325 Views Asked by At

What is the proper way to use the raked weights created by the rake() function in the R survey package?

R documentation gives the following example:

library(survey)
   data(api)
   dclus1 <- svydesign(id=~dnum, weights=~pw, data=apiclus1, fpc=~fpc)
   pop.types <- data.frame(stype=c("E","H","M"), Freq=c(4421,755,1018))
   pop.schwide <- data.frame(sch.wide=c("No","Yes"), Freq=c(1072,5122))
   dclus1r<-rake(dclus1, list(~stype,~sch.wide), list(pop.types, pop.schwide))
   svymean(~api00, dclus1r)


            mean     SE
     api00 641.23 23.704

But when I use the weights directly, I get a different SE estimate:

 apiclus1$rwt<-weights(dclus1r)
   rakeddesign<-svydesign(id=~dnum, weights=~rwt,  fpc=~fpc, weight=~rwt,data=apiclus1)
   svymean(~api00, rakeddesign)


          mean     SE
   api00 641.23 23.806

The difference is small in this example, but the difference is very large in other data that I have.

1

There are 1 best solutions below

3
Thomas Lumley On

The answer you get after raking is correct and the answer you get by just putting the raked weights into svydesign and not telling it they were raked is wrong (but usually not very wrong).

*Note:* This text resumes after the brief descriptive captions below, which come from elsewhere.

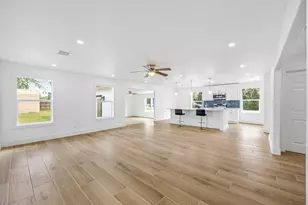 1214 Main St, Alvin, TX 77511 - Photo 8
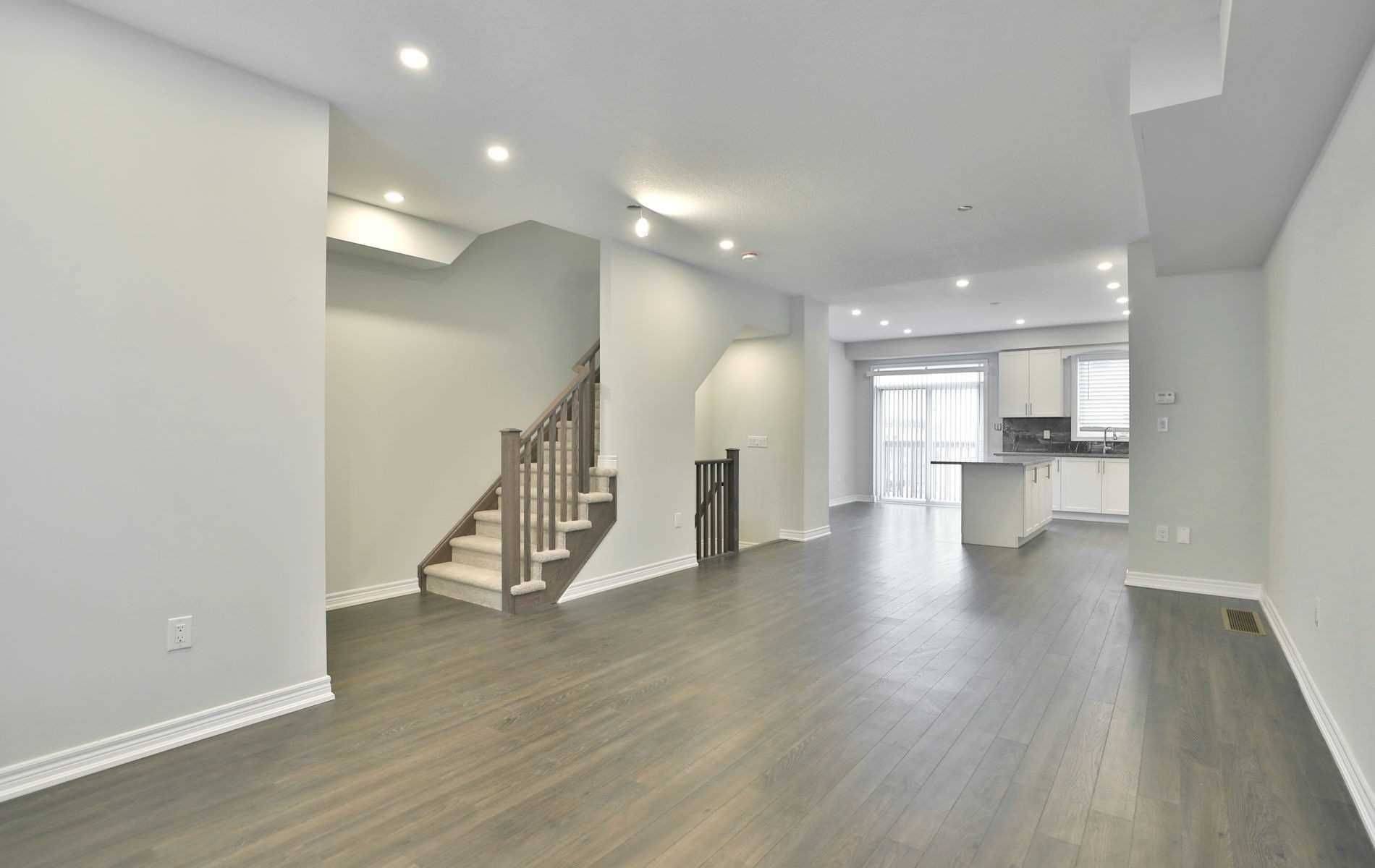 Hamilton, ON L8K 0A4,32 Rapids LN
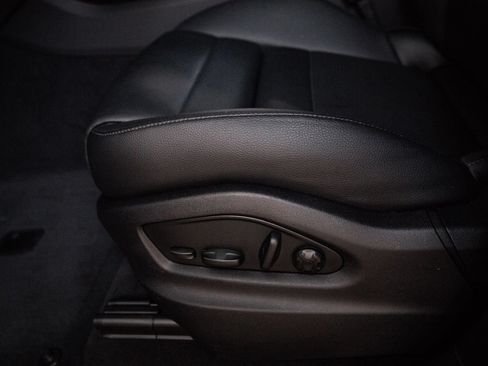Certified 2026 Porsche Cayenne AWD/4WD image 14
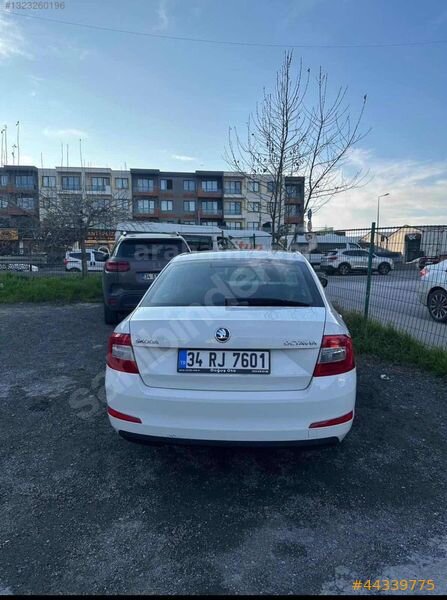 3E CAR DAN SKODA OCTAVİA DİZEL OTOMATİK 6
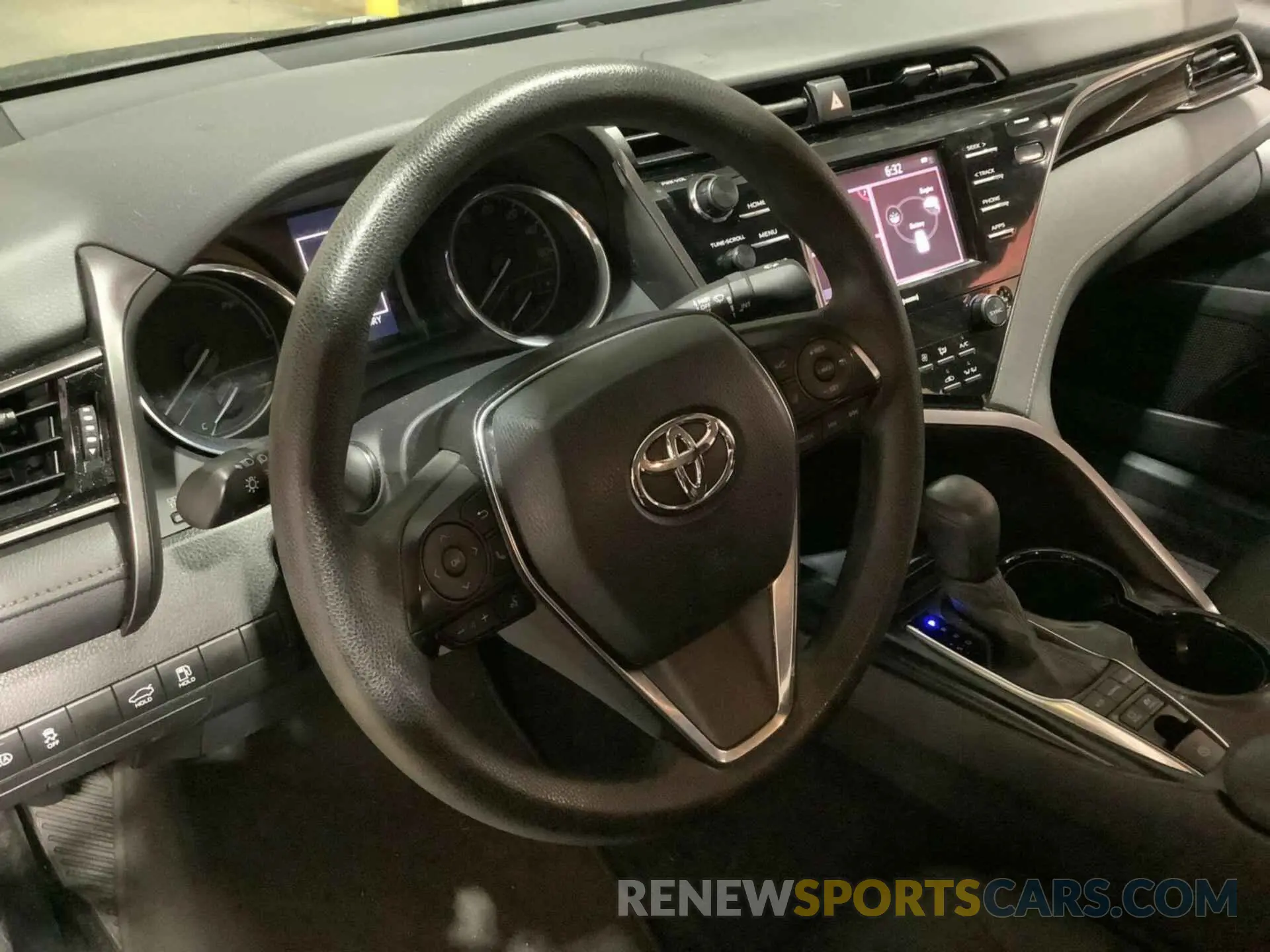 25 Photograph of a damaged car 4T1L31AK0LU016475 TOYOTA CAMRY 2020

Using rake adjusts the weights, and also adds information to the survey design object that allows for correct standard error estimation. Raking adds information (from the population totals that you specify) and this information reduces the standard errors relative to what you'd get if you just happened to have that set of weights.

Raking is done by iterated post-stratification. Computing standard errors after post-stratification involves subtracting off the post-stratum means from the residuals that will be used in the standard error estimate. For a raking estimator, this subtraction is done iteratively.

The relevant code (inside survey::svyrecvar) looks like

            else if (inherits(psvar, "raking")) {
                for (iterations in 1:10) {
                  for (margin in psvar) {
                    psw <- attr(margin, "weights")
                    x <- x - psw * apply(x/psw, 2, ave, margin)
                  }
                }
            }

If you are given the raked weights and you know the raking variables, you can tell svydesign that the weights have already been raked with the calibrate.formula option.

Sometimes, with public-use data collected by someone else, you don't have the raking variables and you have to just pretend the raked weights are the sampling weights. When you do that, the standard error estimates become slightly larger than they should be.